▶ _Data section_
──────────

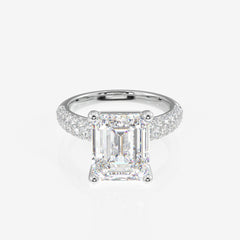 Emerald Cut Moissanite Diamond Three Layer Pave Sterling Silver Ring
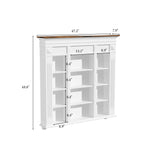 47.2" White Wall Mount Display Cabinet with Rustic Wood Top and 12 Open Compartments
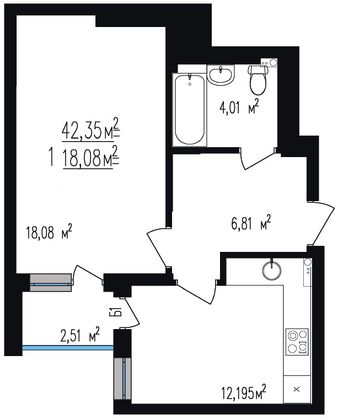 Продажа 1-комнатной квартиры 42,3 м², 4/28 этаж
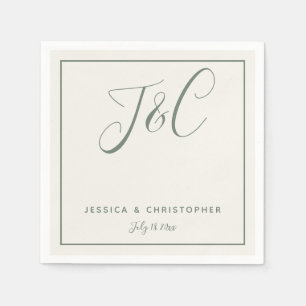 Serviette En Papier Sage Vert Élégant Monogramme Minimaliste Initiales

──────────

▶ _Exercise aim_
I would like you to set down the lines above, from the one containing "12 Open Compartments" to the final line, exactly as written and without pictures.

▶ _Final answer_
 47.2" White Wall Mount Display Cabinet with Rustic Wood Top and 12 Open Compartments
 Продажа 1-комнатной квартиры 42,3 м², 4/28 этаж
 Serviette En Papier Sage Vert Élégant Monogramme Minimaliste Initiales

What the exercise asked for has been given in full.